Given information:
┌──
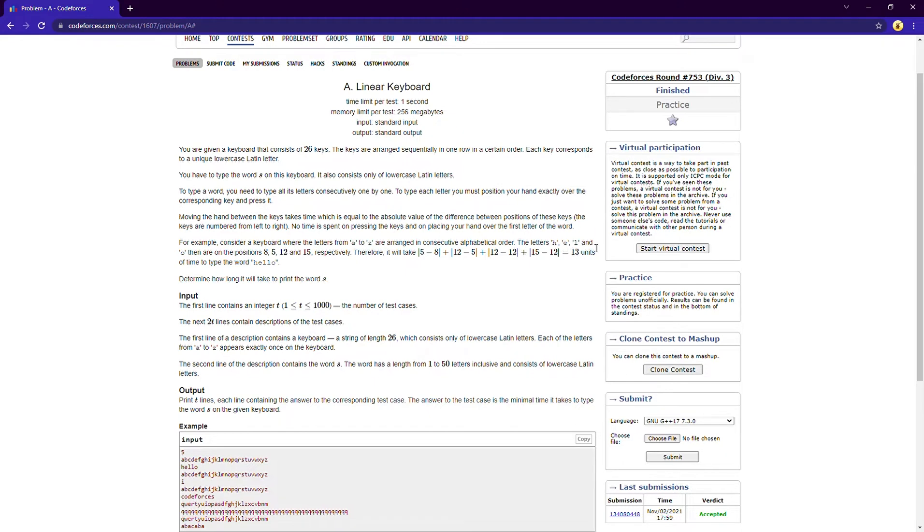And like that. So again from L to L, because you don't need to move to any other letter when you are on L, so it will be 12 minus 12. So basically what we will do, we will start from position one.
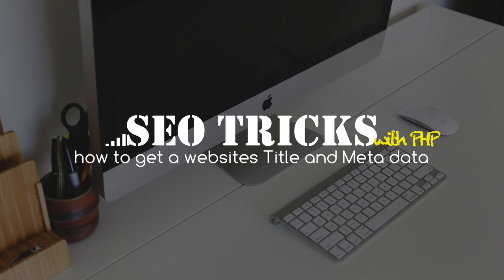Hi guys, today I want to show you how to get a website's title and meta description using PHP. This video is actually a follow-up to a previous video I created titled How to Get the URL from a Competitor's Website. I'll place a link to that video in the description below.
└──
┌──
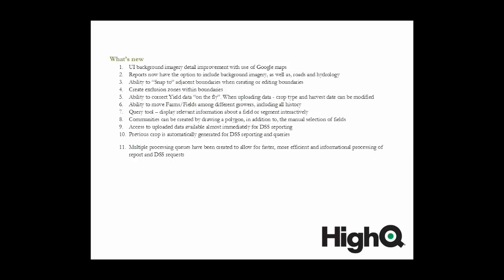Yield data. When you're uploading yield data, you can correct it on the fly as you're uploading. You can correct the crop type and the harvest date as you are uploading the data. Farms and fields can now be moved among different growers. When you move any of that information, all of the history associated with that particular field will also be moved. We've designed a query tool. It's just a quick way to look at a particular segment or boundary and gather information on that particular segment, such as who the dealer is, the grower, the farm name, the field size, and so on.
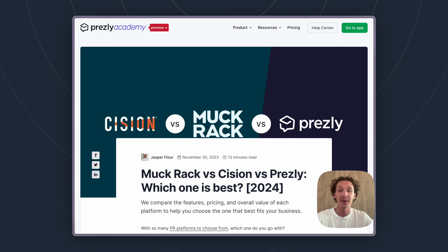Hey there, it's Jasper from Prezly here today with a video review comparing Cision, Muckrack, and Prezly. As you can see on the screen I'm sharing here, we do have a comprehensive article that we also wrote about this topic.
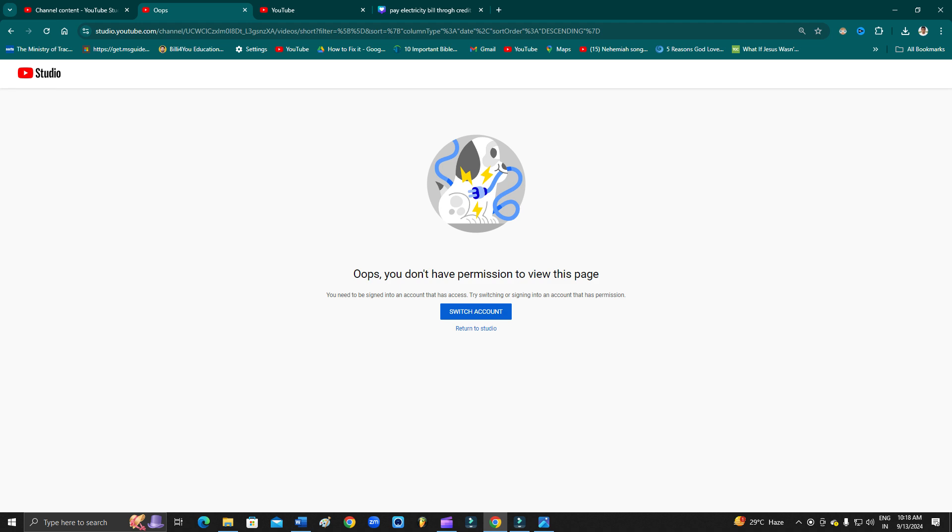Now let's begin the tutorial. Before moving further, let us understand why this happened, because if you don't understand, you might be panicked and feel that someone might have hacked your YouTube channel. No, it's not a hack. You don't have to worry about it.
└──
Exercise prompt: Using the data above, print only the lines starting at the one with "And like that." and ending at the one with "Hi guys, today", exactly as they stand, minus the pictures.

Exercise result:
And like that. So again from L to L, because you don't need to move to any other letter when you are on L, so it will be 12 minus 12. So basically what we will do, we will start from position one.
Hi guys, today I want to show you how to get a website's title and meta description using PHP. This video is actually a follow-up to a previous video I created titled How to Get the URL from a Competitor's Website. I'll place a link to that video in the description below.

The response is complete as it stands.